Günümüzde işletmeler için küreselleşmenin getirmiş olduğu en önemli sonuç giderek artan rekabete karşı değişme zorunluluğudur. İşletmeler ölçek ekonomilerini bırakarak, uygun ölçekte çeşit ekonomisine yönelmek zorundadır. İşletme yönetiminin her kademesinde tüm çalışanların katılımı, toplam kalite yönetimi,

kaliteli insan gücü yetiştirilmesi, teknolojik yeniliklerin yakalanması, araştırma geliştirme giderlerine daha çok kaynak aktarılması, değişim için yapılması gerekenlerdir (Çağlıyan, 2002: 14).

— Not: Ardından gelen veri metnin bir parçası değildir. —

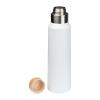 Thermos flask with wooden cap 500 ml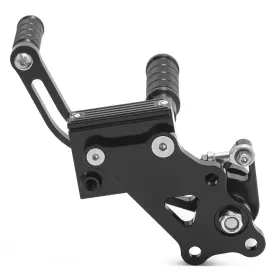 Rshd-st00-4-bla-sky-80 Tarazon Black Forward Controls Footpeg For Harley Heritage Softail Flstc Flstci 2000-17 Rshd-st00-4-bla-sky-80 Tarazon Black Forward Controls Footpeg For Harley Heritage Softail Flstc Flstci 2000-17
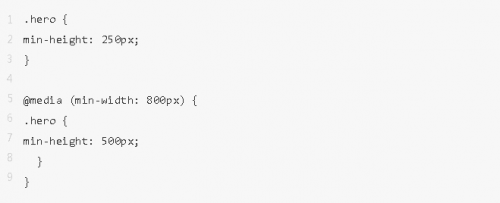 Clamp()、Max() 和 Min() CSS 函数的用例8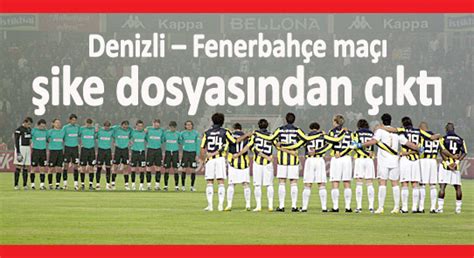 Milli maç arasının ardından atatürk. Denizli - Fenerbahçe maçı şike dosyasından çıktı ...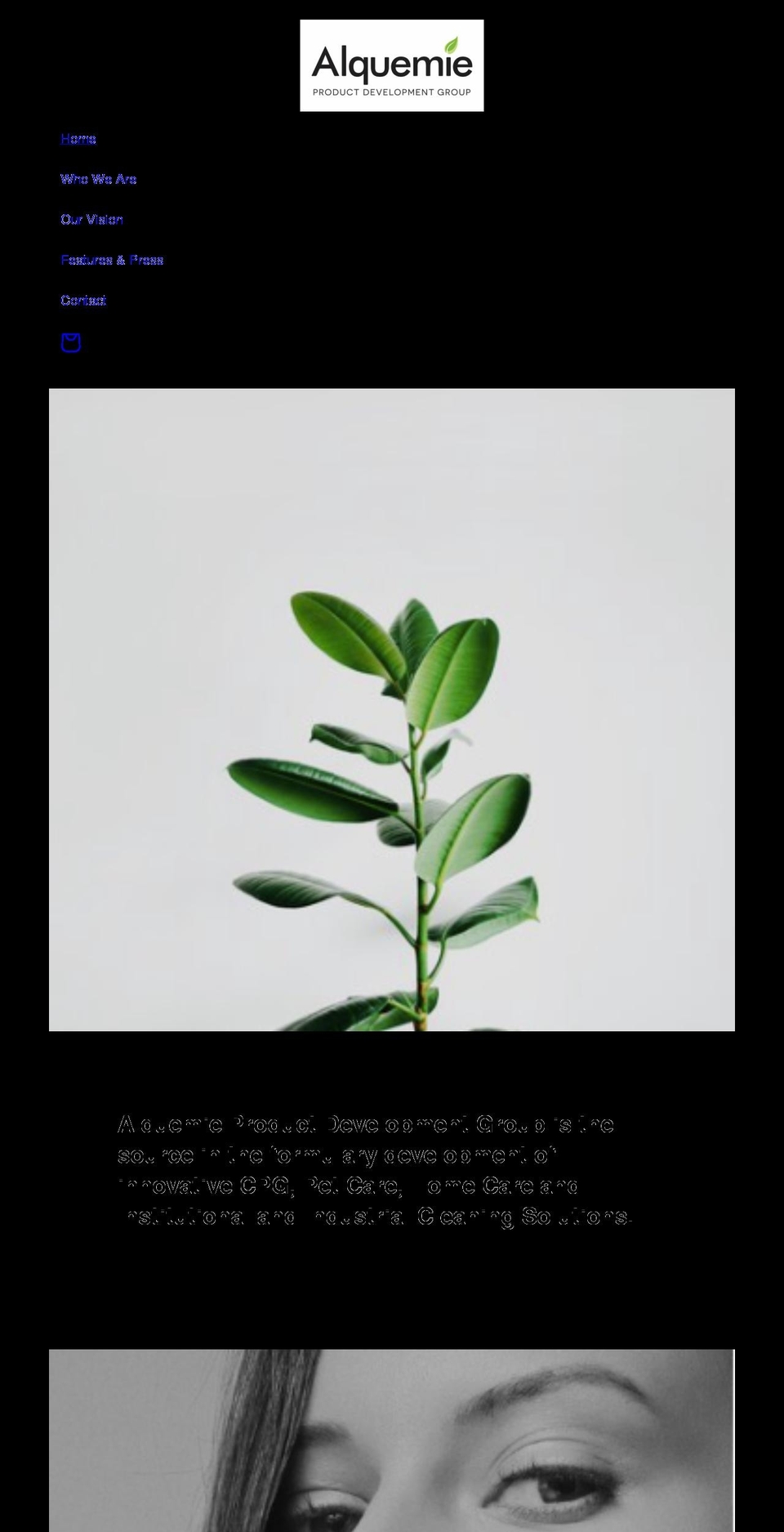 alquemie-group.com shopify website screenshot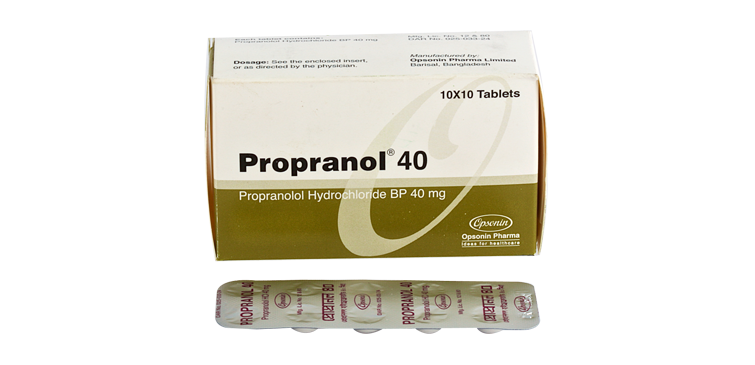 Propranol 40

Küreselleşme, çokuluslu işletmelerin uluslararası yatırım stratejilerinde, özellikle üretimin yerel olmaktan çıkarılıp farklı bölgelerde gerçekleştirilmesini içeren radikal bir yeniden belirleme çabası gerektirmektedir (Akın, 1998: 7).

Küreselleşme sürecinin başlangıcı ile birlikte pek çok işletme hayatta kalabilmek için, uluslararası faaliyetlere katılmak ve küresel yeterliliklerini arttırmak ihtiyacını hissetmektedir. Böylece Dünya çapında faaliyet gösteren çok uluslu işletmeler ortaya çıkmaya başlamıştır (Bilge, 2004: 10).

Rekabetin uluslararası sınırları aşmasında en önemli etken; iletişim teknolojisindeki gelişmeler sonucunda bilginin hızla yayılma imkanı bulmasıdır. Dünya ekonomilerinde ürünlerin ve rekabetin küreselleşmesinin de gözle görülebilir bir hız kazandığı izlenmektedir (Tekin ve Ömürbek, 2004: 48).

Küreselleşmeyi ortaya çıkaran diğer bir husus ise, firma stratejilerindeki değişmelerdir. Gerek hükümetlerin deregulasyon politikaları, gerekse teknolojik gelişmeler sonucu firmaların faaliyetleri global bir boyut kazanmıştır. Bu firmalar, üretim alanı olarak tek bir ülkeyi değil; bütün dünyayı hedeflemektedirler. Firma faaliyetlerinin globalleşmesi, bir taraftan yatay ve dikey birleşmeler yoluyla firmalar arasındaki işbirliğini artırmış; diğer taraftan da, global rekabetin artmasına yol açmıştır (Aktan ve Şen, 2004: 8).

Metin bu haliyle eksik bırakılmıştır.